It was another relatively quiet day in NZ fixed interest markets, with yields closing up 1-2%.

As domestic data continues to go from strength to strength the OIS market remains fully priced for a first 25bps rate hike in March next year.

A 30% chance of a hike in January is priced. Almost 125bps of hikes are priced by the end of the year. Next Thursday’s full Monetary Policy Statement will provide the RBNZ’s updated forecasts including its 90-day bank bill track. We doubt it will hint at a hike as early as January.

NZ 2 and 5-year swap closed at 3.71% and 4.53% respectively. The former is at its highs for the cycle while 5-year remains slightly below its late November highs. We continue to see 5-year as the relatively ‘expensive’ point on the curve for hedging, based on our OCR trajectory. i.e of 200bps of rate hikes by the end of 2015.

NZ 10-year bonds closed at 4.77%, close to the middle of the 4.50-5.00% range we see for the year ahead.
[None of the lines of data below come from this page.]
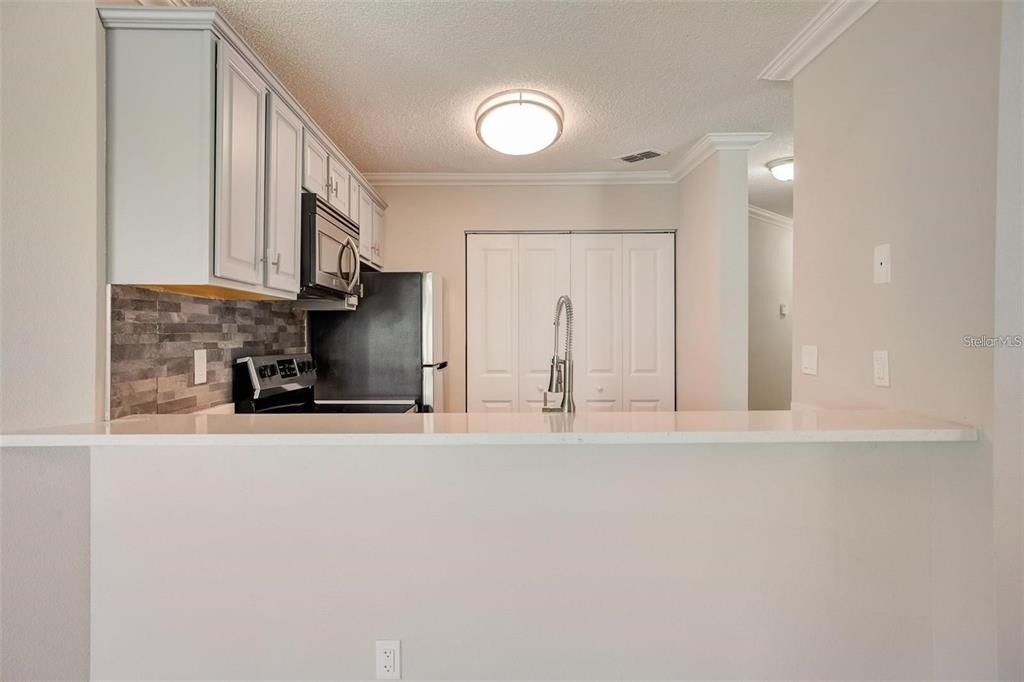 2556 Woodgate Boulevard - Photo 9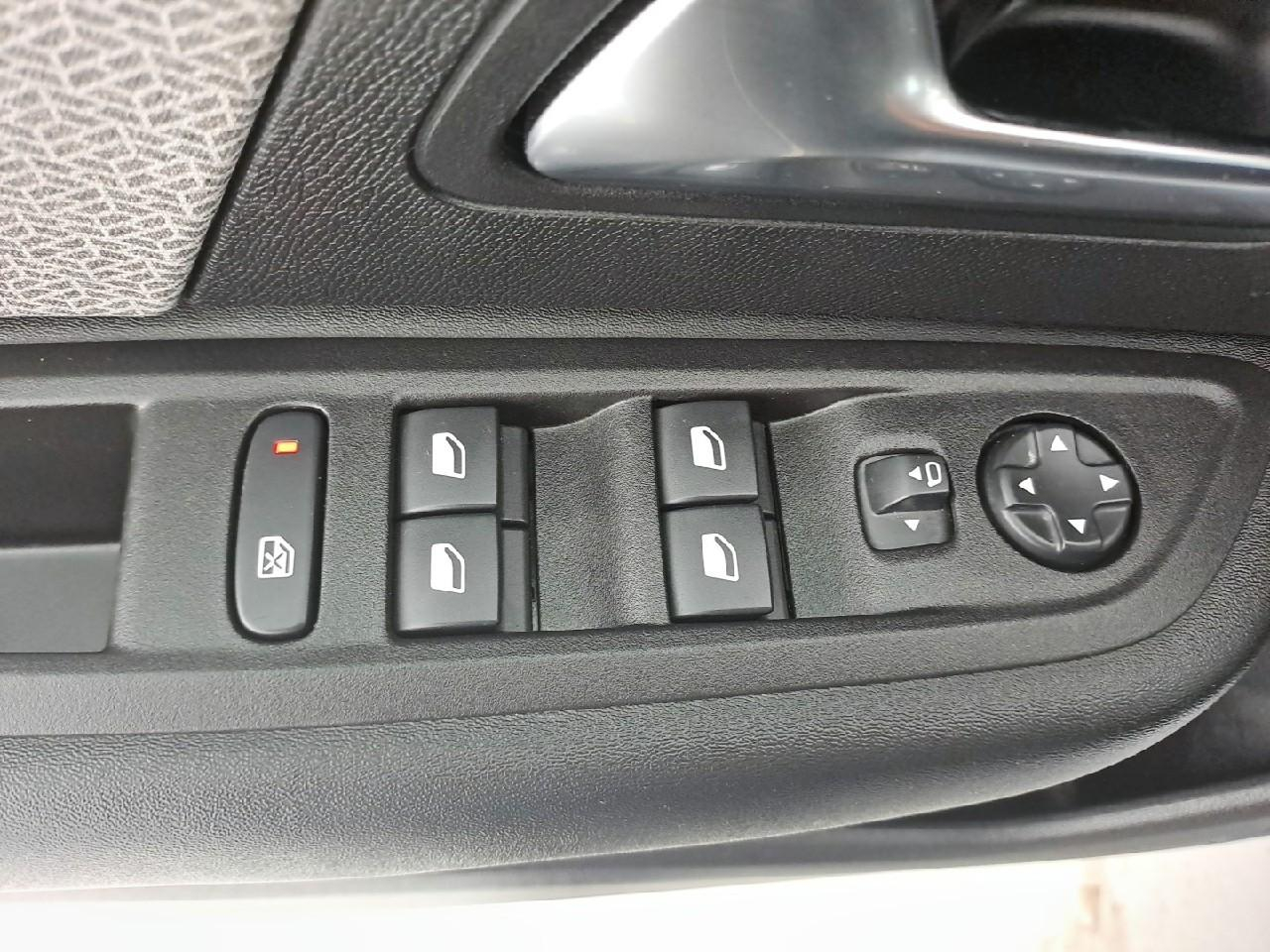 Citroën C4 puretech 130 eat8 max — photo 26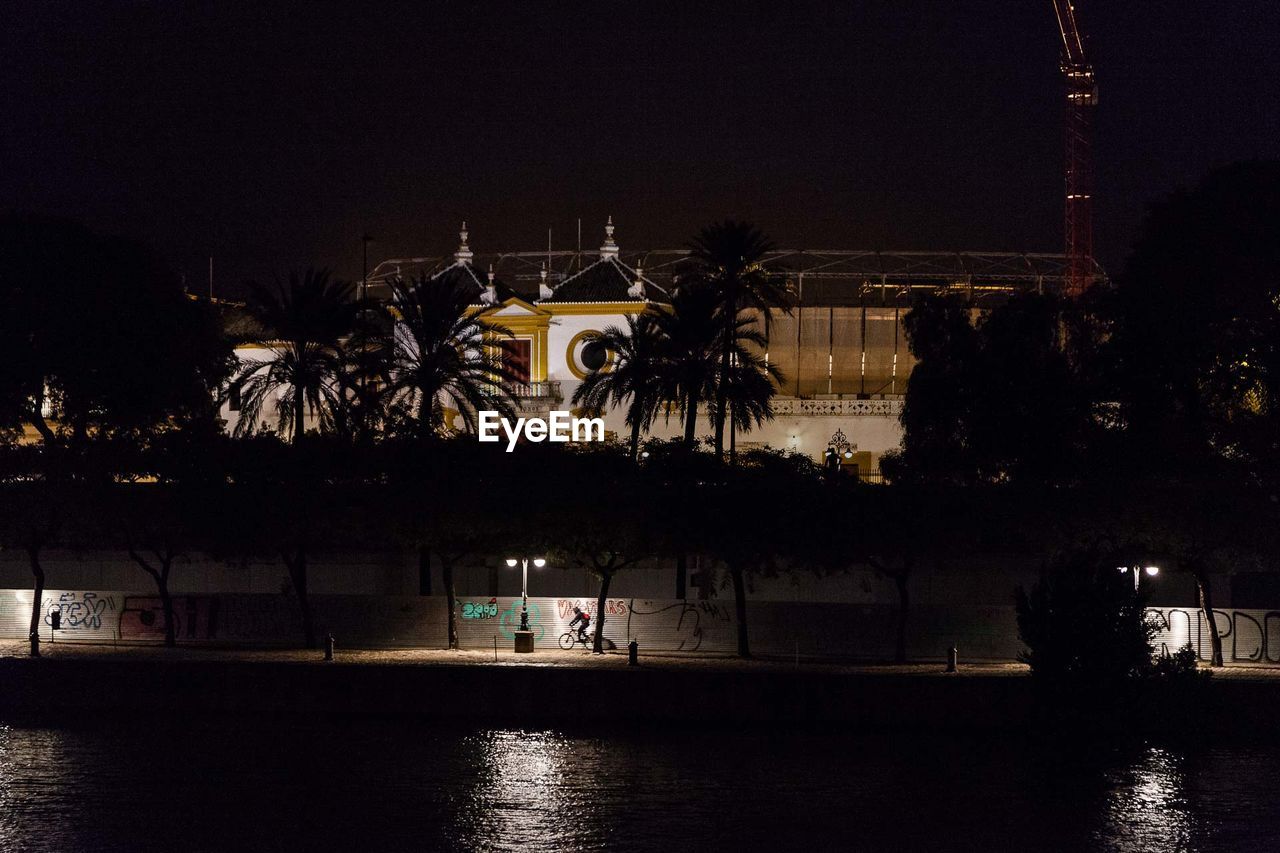 SILHOUETTE OF BUILDING AT NIGHT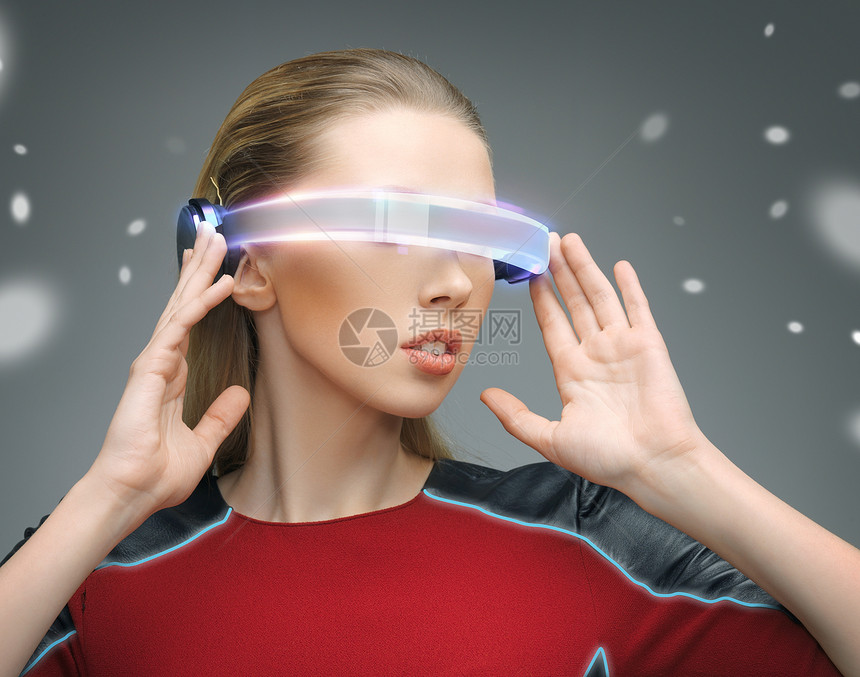 戴未来眼镜的妇女女性宝贝技术纳米数据小说电子人福利健康科学图片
Tomorrow’s DMO tender of inflation-indexed bonds will be closely watched given weakness in demand seen at the previous event.

Overnight, in the backdrop of softer equity markets, US 10-year yields subsided from 2.80% to 2.76%. There was an absence of US data releases, though this evening all eyes will be on the US ADP employment report as a precursor to Friday’s all-important payrolls report.

Today’s domestic highlight will be the release of the RBNZ’s weekly mortgage approvals data. So far, amongst NZ housing/credit data, there is nothing to convincingly suggest recent LVR restrictions are biting any harder than the RBNZ had expected. The RBNZ’s central assumption is that the restrictions should slow house price appreciation by 1-4%.